2. Using novel schematic work based on the
heuristic method. Both approaches and mutually exclusive approaches, in this
process faster approximation solution, are analyzed by different assumptions
and algorithms.
Advanced
data processing method of
smart manufacturing factory with intelligent assembly technology and systems in
phased Implementations
With the evolution of
Technology, advanced data processing method was used for constraint analysis of
devices connected to the internet. A large amount of data was transferred
through these devices by IoT network (Srinidhi, Kumar, & Venugopal, 2019). In the IoT system different network related
problems are routing, quality of service (QoS), heterogeneity, congestion,
reliability, energy conversion, and scalability. Internet of things has a vital
role in the modern technology and development of the world that converts small
objects and connect them through the internet. The real-life examples of IoT
connections are wearable Healthcare devices and smart homes.
There
are the following methods where the AI could also potentially revolutionize smart manufacturing factory
·
Cost reduction
·
Predictive Analytics
·
From Disparate data
actionable insights
·
Eliminate repetitive
administrative tasks
·
For early risk decisions
enhancing visibility
In smart manufacturing factory, managers are also required to control
cost and expenses to ensure enhance in profit margin or return on investment.

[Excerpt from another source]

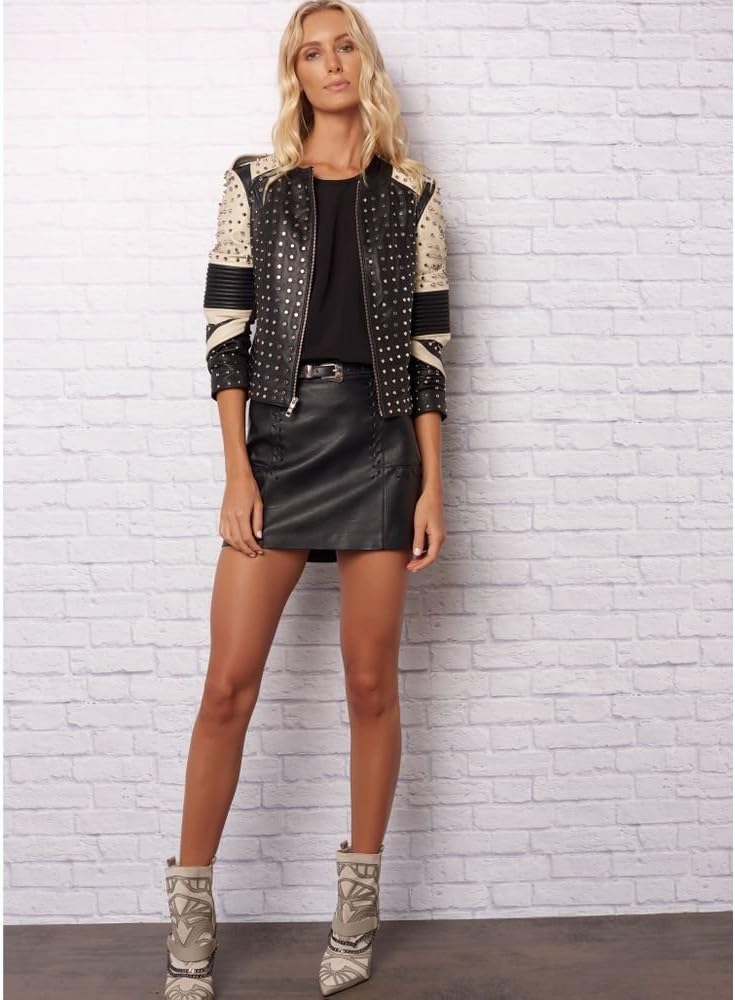 jaqueta de couro com spikes feminina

Artificial intelligence (AI) sheds light on the specifications of the project
or investment product that enable them to control cost by promoting
cost-efficiency. The increase of available resources utilization, reduction of
risk exposure, and increase of concurrent managed projects are the key outcomes
of artificial intelligence (AI) use in project management. While in asset smart manufacturing factory,
artificial intelligence (AI) support managers to select the appropriate asset
while predicting its expected return in the specified time duration. Moreover,
the study has highlighted the usefulness of artificial intelligence (AI) in
representing genetic algorithms and neural networks for the active selection of
various portfolios. The data collected from 40 US companies to study the impact
of artificial intelligence (AI) on smart
manufacturing factory. They identified that companies using artificial
intelligence (AI) and genetic algorithms for project management had more
capability to adjust higher risk returns as compared to other companies with
traditional smart manufacturing factory
systems (Pomodoneapp.com, 2019).
Challenges
of the smart factory of
smart manufacturing factory with intelligent assembly technology and systems in
phased Implementations
There are a lot of
challenges relate to real time monitoring that are required to be controlled in
a proper way. One of their main challenges is related to the real time
monitoring of the smart factory. Their first main issue is that proper data is
not transferred to the smart factory from the user end. The data is loss
through different things that may be due to wind or any other thing.
It can be seen that the
smart factory are involved in handling huge amount of data from the user end.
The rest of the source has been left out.